I mostly walk since willow is fairly spooky, but there is one field that we can run through since there is no trees or anything beside us. Spirit I have to walk in the direction of home or she won't stop, but I do some loping which usually turns into a gallop when we are going out. Unfortunatly most of the trail area is beside farmers fields so I have to be careful to keep my horses controlled riding beside them so they don't spook or anything into the fields.


----------



## mliponoga (Jul 24, 2010)

We do everything and anything, we walk quite a bit, but also W/T/C/G on the trails. New trails we're very careful on, usually only W/T, but on trails we've been on and know well, we canter and gallop quite a bit.


----------



## whitetrashwarmblood (Aug 24, 2008)

First, my friends and I walk our horses about a quarter of a mile down the road to get to the 30 acre pasture we like to ride in. 
Then all 3 of race through the grass, up and over hills, through the woods, and over a few logs. Then we cross a creek, and into another field. We run around in there.

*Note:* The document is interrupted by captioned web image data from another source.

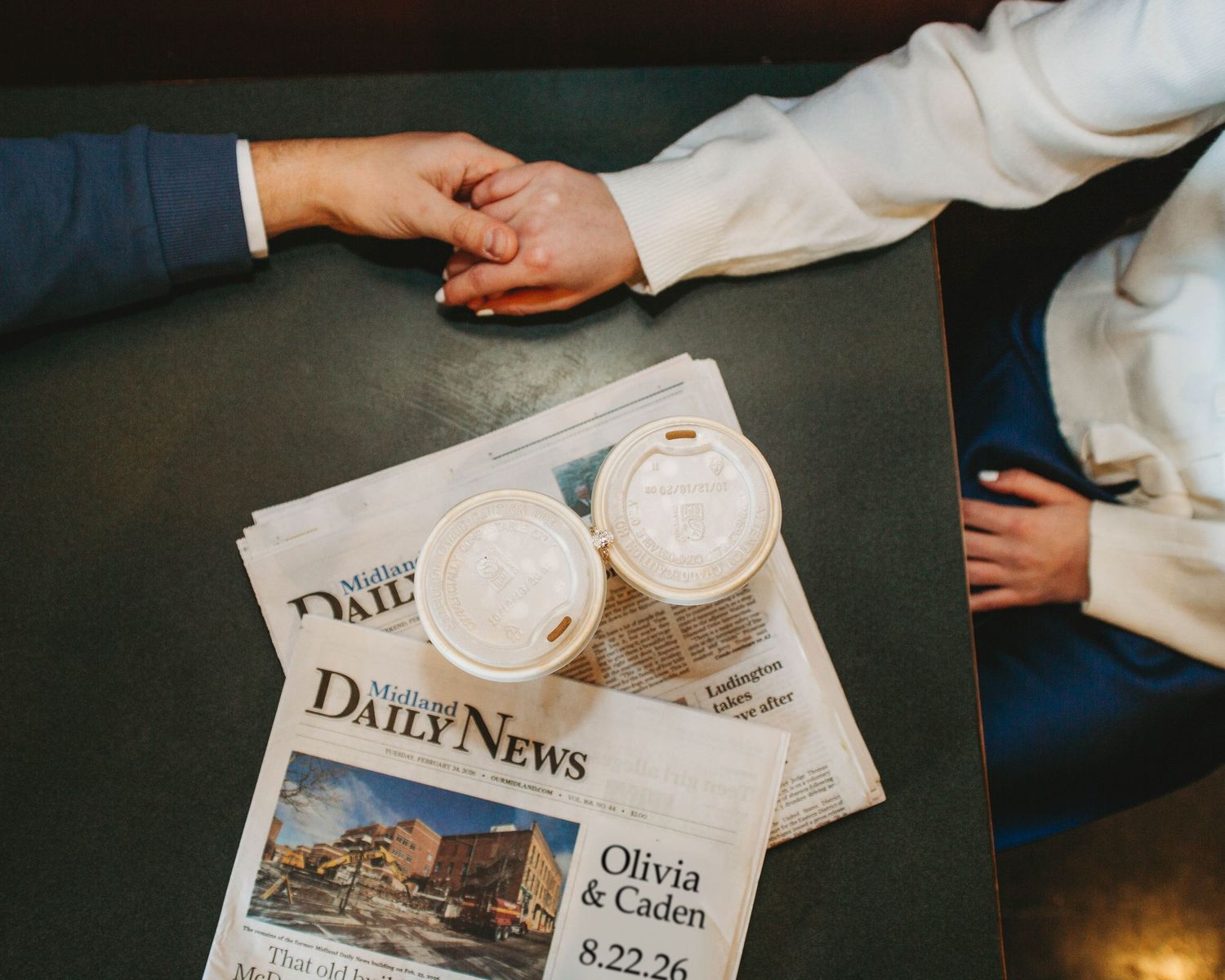 Overhead view of couple holding hands over a newspaper featuring their names Olivia and Caden 8.22.26.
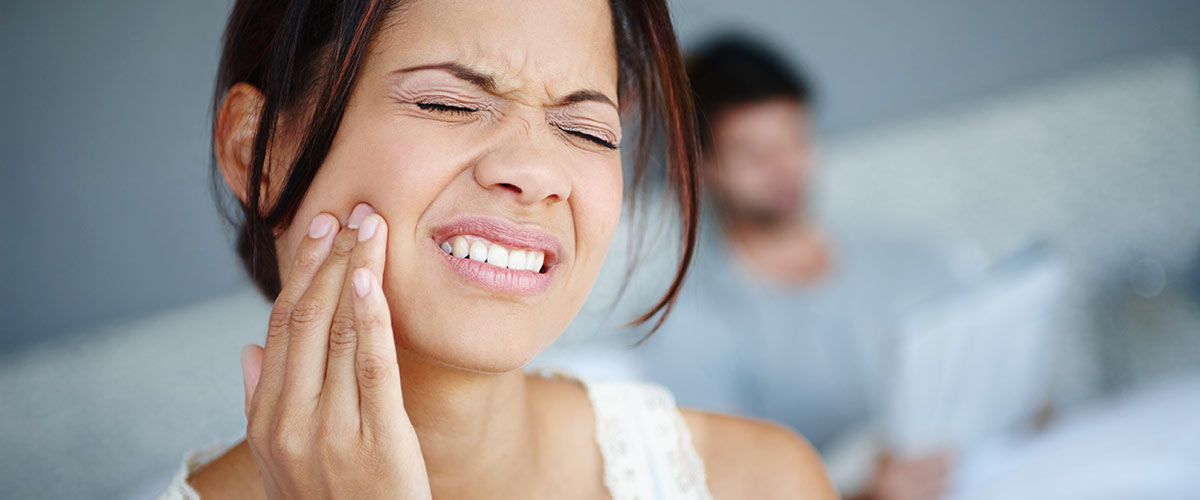 person with pain in their gums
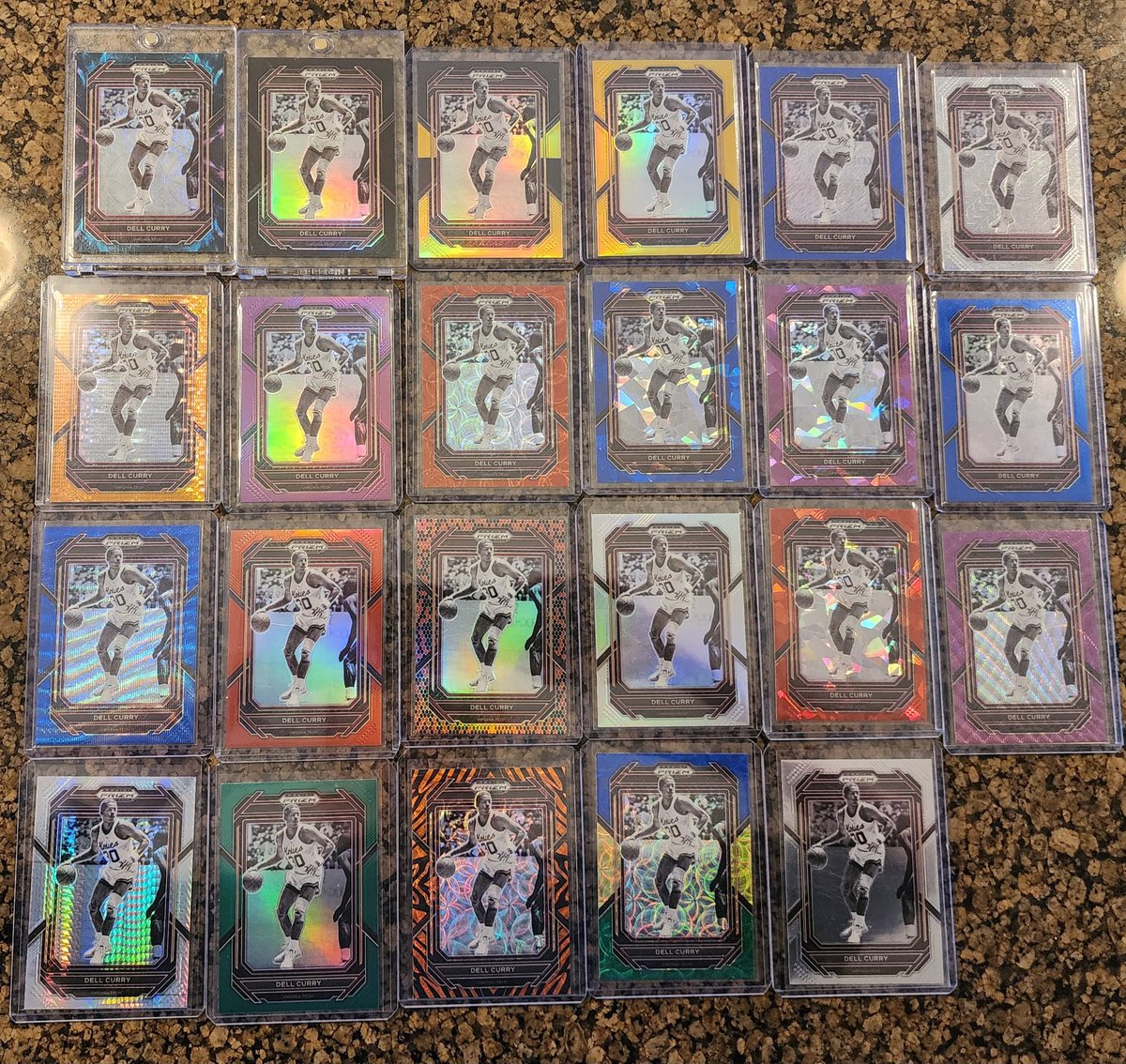 rhockett1's tweet photo. @CardPurchaser Dell Curry from 23/24 Prizm Draft Picks. Still just need the 1 of 1's on the auto. For the non autos I added the Red Shimmer and Green Pulsar after I took this picture, need the Green Shimmer /3, Choice Green /8,
 and the White Sparkle. https://t.co/GGr3PQEg5c
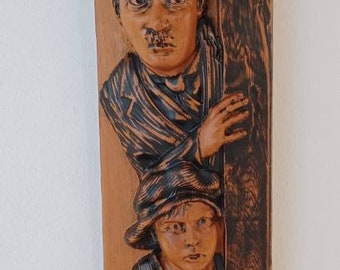 Charlie Chaplin Sculpture, commemorating the 100th (centennial) of the movie "THE KID", which was entirely carved in kambala wood.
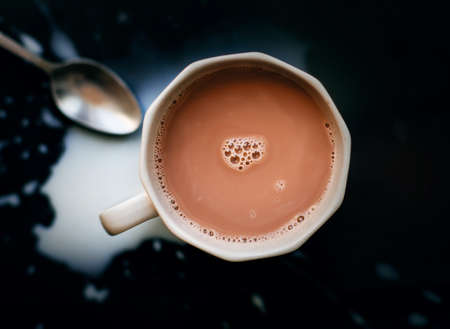 Top view of a gray cup of warm natural fragrant cocoa, next to which lies a silver teaspoon and spilled milk. Delicious drink for breakfast.の写真素材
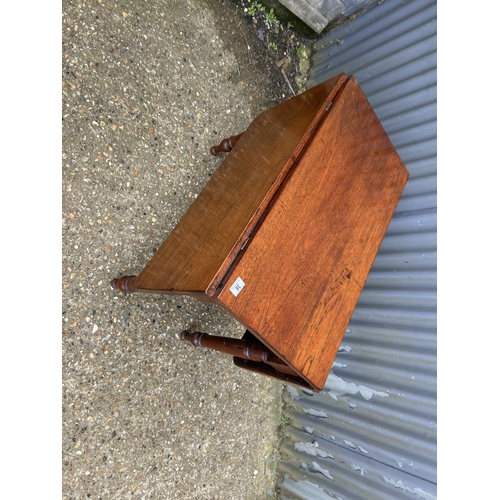 36 - A mahogany drop leaf table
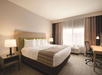 Bright hotel room with a large bed, striped runner, bedside tables with lamps, a desk with chair, and a window with sheer curtains. Neutral decor creates a welcoming atmosphere.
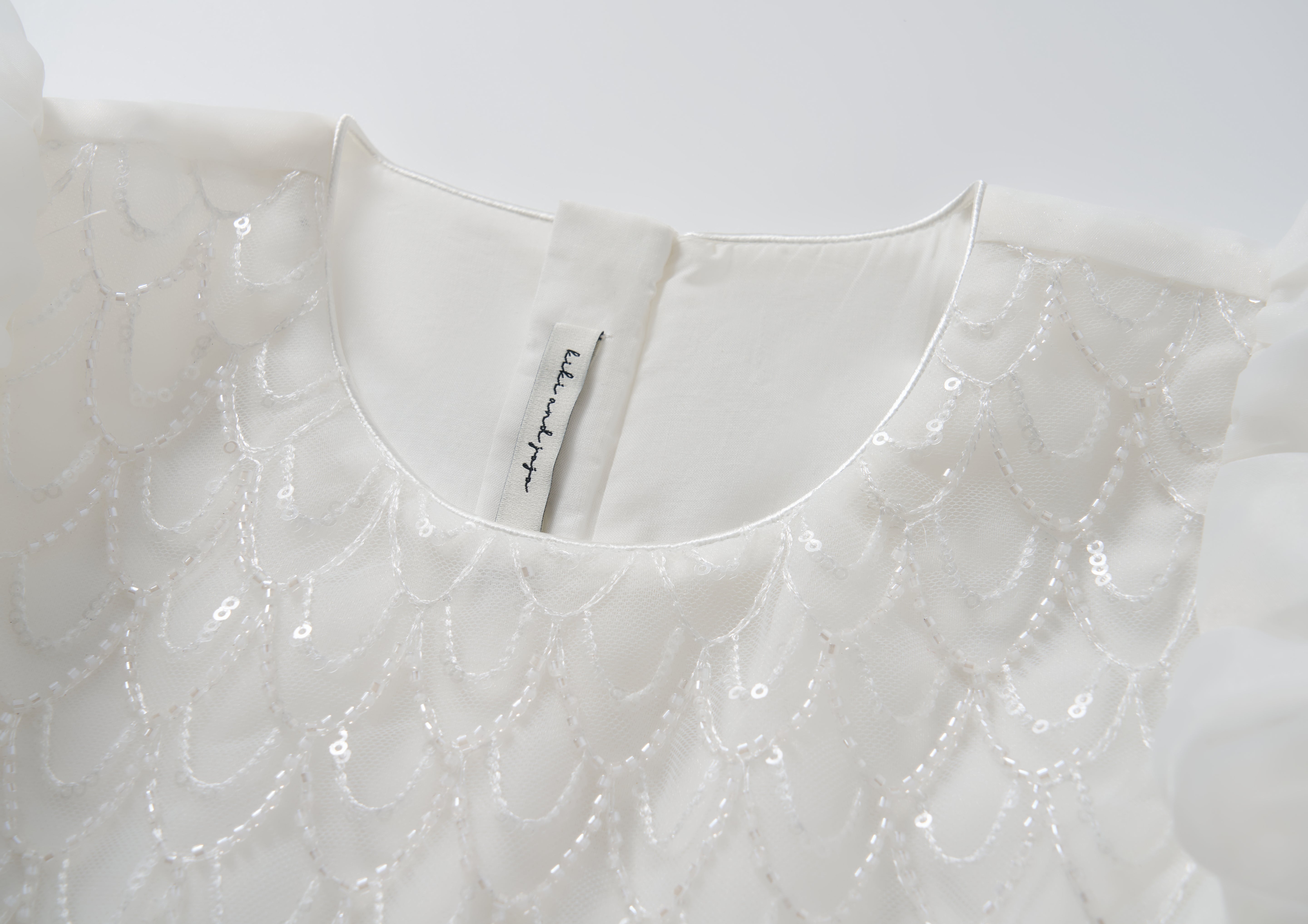 Close-up of the Ballerina Whisper Dress by KIKI and JOJO, showcasing sequin scallop patterns and beaded embroidery, with a back button closure and an inner collar fabric label.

When we're done we come back to another part of the creek, cross it, and walk all the way back home.


----------



## MyBoyPuck (Mar 27, 2009)

Depends on the terrain. Narrow rocky stuff, walk. Good enough surface = trot. Good foting, fallen trees, no rocks = canter & jump. Big open Julie Andrews Sound of Music fleld = haul ***! We try to mix it up. Everyone I go out with falls into the "lets go" crowd so we're usually moving.


----------



## Thatgirlsacowboy (Aug 17, 2009)

Haha, MLI, you and your mare sound a lot like Cricket and I. 


Unfortunately, in the Sandeigo Riverbed, we don't get a lot of "sound of music" fields. Hahahaha I wish we had some, though! Our footing is pretty good, so we haul *** quite a bit. Cricket loves to GO GO GO. What I love the most, however, is how she can go from a walk, to a trot, to a canter, to a dead run, and then back down again without throwing a fit, or giving me any hell for it. She loves the trails, and she listens so well. Some of my friends have to constantly be on their horses mouths in order to get them to behave on trail, but Cricket and I just kick it. Loose rain, ditched stirrups, and life is good. 

My boy puck, theres a fallen log over by the pond we swim in, I love to jump it on the trail. Cricket loves it too =)


----------



## trailhorserider (Oct 13, 2009)

I mostly walk because my horses are barefoot and I am very careful about the footing, but when we get a nice wide open space with soft footing (like a nice field or sandy road) then I really love to canter/gallop! But I would say 95% of the time we walk.

I also practice trotting with collection, sidepassing, backing up, etc. Things that I think keep them in good practice and suppleness. But mostly I just walk on a loose rein.

I also like to explore and look for hidden treasures, such as elk and deer antlers. I like to call for elk during the rut (and try to avoid hunters during hunting season- I dress me and my horse in orange hunting vests). 

But that's what I like to do on the trail.


----------



## HorseNancy (Feb 24, 2008)

Almost always walk. It's just more relaxing, and I want to take in everything around me and not rush.


----------



## Lonestar22 (May 22, 2009)

I walk down the road to my uncles hay feild where we'll do fun canter/gallop and do circles and figure 8's. Once when he was bailing hay he had it all raked up into about 2ft tall rows that were about 3 strides from each other so we jumped those. There were like 10 rows! It was so much fun! Then i'll walk down to the dirt road and get up on the levy next to the cannal and take a good gallop. it's about a quarter mile or so long. then walk the way home to cool off.


----------



## Trails (Jan 28, 2009)

We generally just walk - Certainly no reason to hurry home!


----------



## QOS (Dec 8, 2008)

going trail riding tomorrow through Sunday - some hills, little creeks...huge bass lake to get in (Red loves that) some walking, trotting, cantering if I can. Woot...can't wait.


----------



## Amlalriiee (Feb 22, 2010)

Depends on the terrain and the heat, but usually we always get a lot of trotting in. Everyone I ride with likes CTRs/endurance so we tend to try to cover a lot of ground and hills. I'd say mostly trotting, some cantering and some walking...occasional gallops


----------



## Brithorse1996 (May 25, 2010)

We usually do walking and trotting, if the ground is good cantering, but that always leads to galloping


----------